Second-year detective Rani Kapoor glanced at the keys in Marcus' hand. She was a hair over five-two and weighed a hundred ten pounds soaking wet. "Why can't you sign for them?"
"Lunch run to the Outback." Marcus sweetened the pot. "I'll bring you back a pavlova roll."
"You better." Rani was already moving toward the other detective's desk. "Come back empty-handed and your ass will be mine." The young Indian detective, the other officers discovered, had a surprisingly profane vocabulary that was in direct contrast to her demur appearance.
"Deal.” Marcus strode toward the back stairs of the PCPD. Marcus never bothered with the elevator unless he was escorting a shackled prisoner. Being a plainclothes detective was a prestigious position, but it brought along with it a lot of sitting around. Marcus took pride in his body.
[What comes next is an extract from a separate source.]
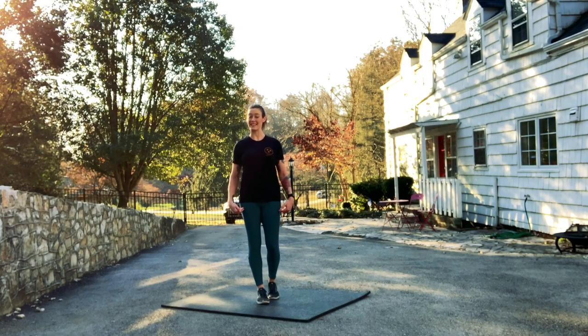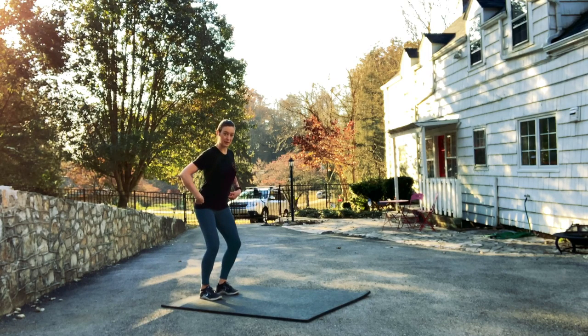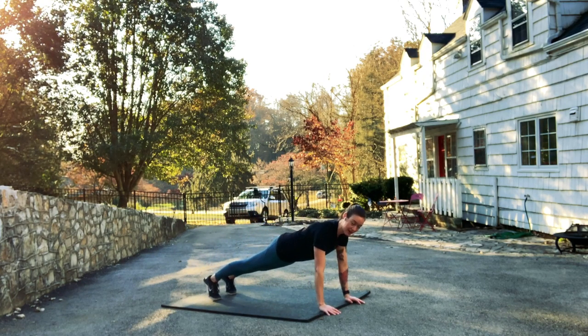With inchworms, we'll go from standing to a plank, back to standing, using our arms to walk ourselves out and back. To start an inchworm, we're standing tall. Then we bend our knees and bend slightly from our hips, keeping our abs in nice and strong. We'll bring our hands down to the floor, walk our hands out until our legs are straight and our abs are pulled in strong. We pause here briefly in this plank position.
Every opportunity he got to keep it fine-tuned was taken.
He didn't meet anyone on his journey down the stairs. That wasn't surprising. Things were pretty quiet at the PCPD at the moment. A cat burglar's string of successful thefts had been ended when he'd chosen the wrong home to burglarize. The homeowner's three Doberman Pinschers had cornered the man and kept him there for nearly three days – until the homeowner returned from a weekend cruise. Port Charles' rainy spell had ended and along with it the rash of petty crimes that inevitably occurred during such weather. The Corinthos organization was laying low due to the anonymous tips the police had gotten regarding their criminal activities.
Things had settled down for Marcus as well. His partner, Alex Garcia, had finally taken a few days off. Whatever went down between Alex and Dara had finally made an impression on the determined detective. Garcia had called the Commissioner at home and asked for a week's vacation. When Mac told Marcus about the request, Taggert's first instinct was that Garcia was going to somehow attempt to make his way to Greece. But he'd stopped by Alex's house unannounced late the other night and found his partner bleary-eyed and hung over. In between cups of freshly brewed coffee, Alex managed to convince Marcus that his days of going to the extreme to get to the bottom of Dara's situation were truly over.
Maybe Marcus would just happen to return to the station via Alex's neighborhood. That way he could see if Garcia's new-found resolve where Dara was concerned held fast in the cold light of day.